Keadaan sekitar begitu sunyi dan sepi hanya ada sebuah warung terapung yang tepat berada di samping dermaga. Ternyata, camp masih terletak sekitar 100 meter dari dermaga dan tertutup oleh sebuah tebing.
Karena jalan ke camp yang sempit dan licin karena habis hujan, kamipun berjalan beriringan dengan memikul bawaan masing-masing.
Tiba di camp, oleh ibu Tuti seorang pegawai bagian sdm, kami diantar ke sebuah mess tamu. Mess ini berlantai dua, dilantai satu adalah kantor PT.BNI Logpond Medang, sedangkan lantai dua adalah mess untuk tamu.

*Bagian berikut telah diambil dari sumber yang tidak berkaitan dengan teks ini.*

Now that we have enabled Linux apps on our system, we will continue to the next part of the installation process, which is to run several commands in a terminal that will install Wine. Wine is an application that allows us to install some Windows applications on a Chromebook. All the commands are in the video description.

Keseluruhan karyawan dan fasilitas di camp ini maupun di kantor Samarinda adalah milik kontaktor PT. PT.Hutanindo. Perusahaan ini adalah yang mengerjakan ijin Pemanfaatan Hutan milik PT.BNI. Begitu pula seluruh karyawannya adalah karyawan PT.Hutanindo, sedangkan yang merupakan karyawan PT.BNI hanyalah pa Bowo selaku direktur Operasional serta Direktur Utamanya. Hal inilah yang menjadi alasan kenapa kami ditugaskan ke perusahaan ini. Karena yang mengerjakan adalah kontraktor, maka perhatian terhadap pelaksanaan kegiatan TPTI juga minim. Bukan rahasia umum, yang namanya kontraktor, fokus utama usahanya adalah bagaimana mengeluarkan kayu dengan mengabaikan usaha-usaha pelestarian fungsi hutan. Padahal disisi lain, LPI (Lembaga Penilai Independen) akan melakukan penilaian terhadap kinerja pelaksanaan kegiatan pengusahaan hutan system TPTI di perusahaan ini. Dengan mendatangkan karyawan dari sesama anak perusahaan, diharapkan dapat membantu memperbaiki kinerja PHPL yang telah ada.

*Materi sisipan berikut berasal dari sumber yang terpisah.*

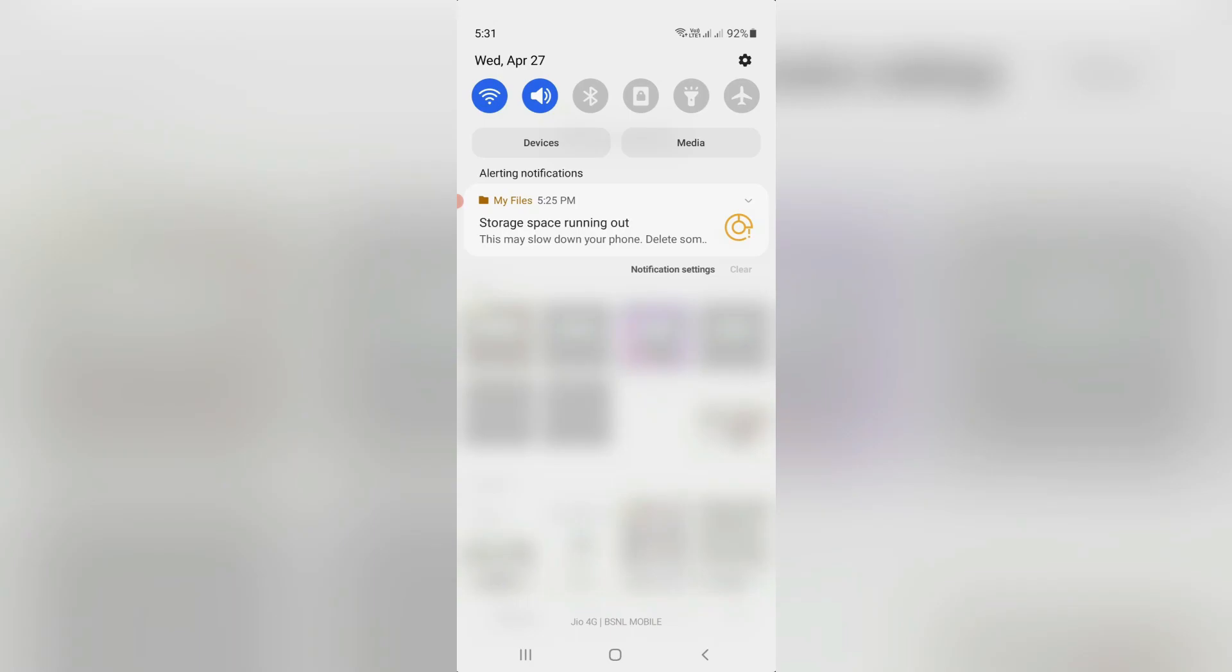Hello guys and welcome back to my YouTube channel Theta Box. So today I get the following error notification while I try to tap my Android mobile notification panel and it shows storage space running out.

Kami kemudian diberikan 3 buah kamar. Saya menempati sebuah kamar, pa Broto dan pa Thomas sebuah kamar, pa Sembiring dan pa Haryanto sebuah kamar. Kamarnya bersih dan harum dengan sebuah AC dan kasur yang empuk. Setelah baring-baring sejenak, saya kemudian beranjak mandi. Begitu saya membuka keran kamar mandi, airnya ternyata tidak sejernih air di Samarinda. Beginilah air Mahakam, akhirnya setelah saya menyusuri sungainya, saya merasakan juga mandi dengan air Mahakam.
Setelah mandi, saya kemudian duduk2 di ruang tv yang kebetulan berada di depan kamar saya sambil minum teh dengan bapak-bapak yang lain. Tak lama kemudian, kami lalu berkenalan dengan kepala unit bpk Awang Afri dan Kepala bagian TPTI bapak Awang Sudjana. Pa Awang Sudjana ini adalah bekas karyawan PT.BNI yang ditarik perusahaan kontarktor ini untuk mengurusi TPTI. Nah selanjutnya pa Awang inilah yang mendampingi kami. Setelah makan malam, kami kemudian mendiskusikan dengan pa Awang Sudjana rencana kegiatan kami esok hari.
Esok harinya tanggal 31 Agustus, kami lalu berangkat ke camp TPTI yang masih berjarak 75 km dari logpond.



Ke Camp TPTI Blino km 75
Perjalanan ke km 75 yang semula direncanakan pada pukul 08.00 ternyata harus molor menunggu jemputan dari camp 75. Jam 11.00 mobil kijang pic up baru datang menjemput. Dengan didampingi pa Awang, kami kemudan berangkat. Sopir mobil kami adalah pak Asley, dayak Palangkaraya yang bak hati. Sepanjang perjalanan bapak ini banyak bercerita tentang keadaan PT.BNI dan juga masyarakat di sekitar areal konsesi.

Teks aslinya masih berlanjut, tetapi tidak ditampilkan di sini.